Captioned web image data
-- -- --

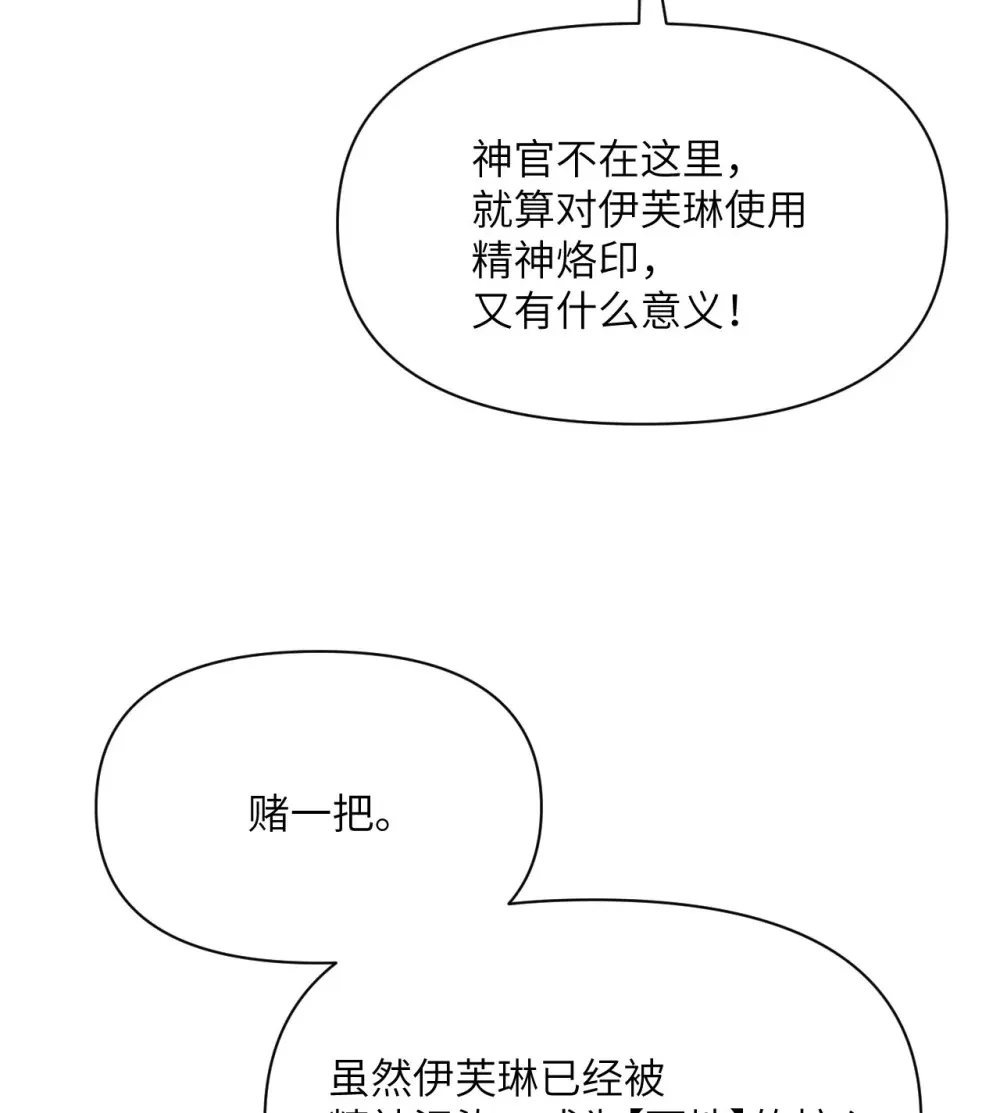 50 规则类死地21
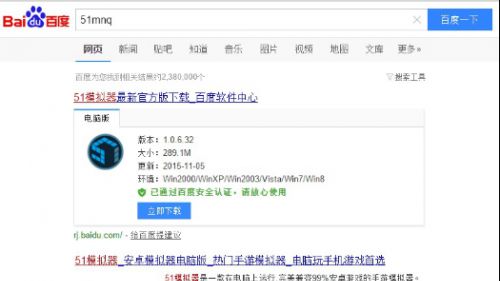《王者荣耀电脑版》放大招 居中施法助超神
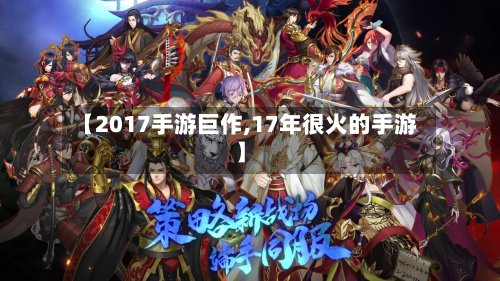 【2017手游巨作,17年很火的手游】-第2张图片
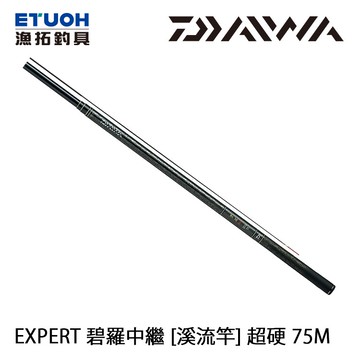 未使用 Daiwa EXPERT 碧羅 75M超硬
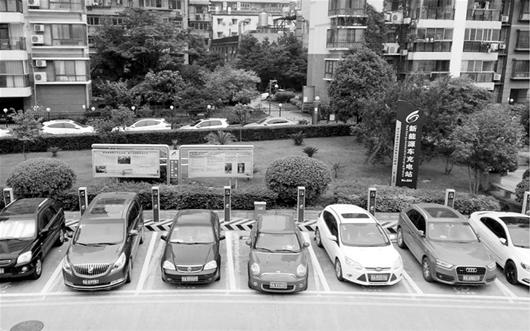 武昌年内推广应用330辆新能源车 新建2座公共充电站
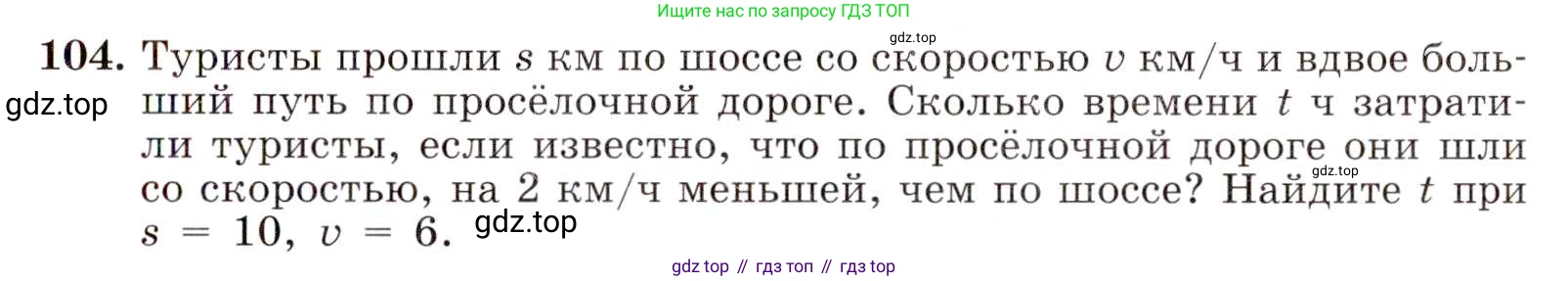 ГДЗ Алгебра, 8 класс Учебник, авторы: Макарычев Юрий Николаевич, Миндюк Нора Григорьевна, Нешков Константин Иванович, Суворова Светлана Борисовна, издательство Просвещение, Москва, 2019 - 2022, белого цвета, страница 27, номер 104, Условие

-- -- --

> [Exercise goal]
Retype all entries above verbatim; no pictures belong in the copy.

> [Exercise solution]
 50 规则类死地21
《王者荣耀电脑版》放大招 居中施法助超神
 【2017手游巨作,17年很火的手游】-第2张图片
 未使用 Daiwa EXPERT 碧羅 75M超硬
 武昌年内推广应用330辆新能源车 新建2座公共充电站
 ГДЗ Алгебра, 8 класс Учебник, авторы: Макарычев Юрий Николаевич, Миндюк Нора Григорьевна, Нешков Константин Иванович, Суворова Светлана Борисовна, издательство Просвещение, Москва, 2019 - 2022, белого цвета, страница 27, номер 104, Условие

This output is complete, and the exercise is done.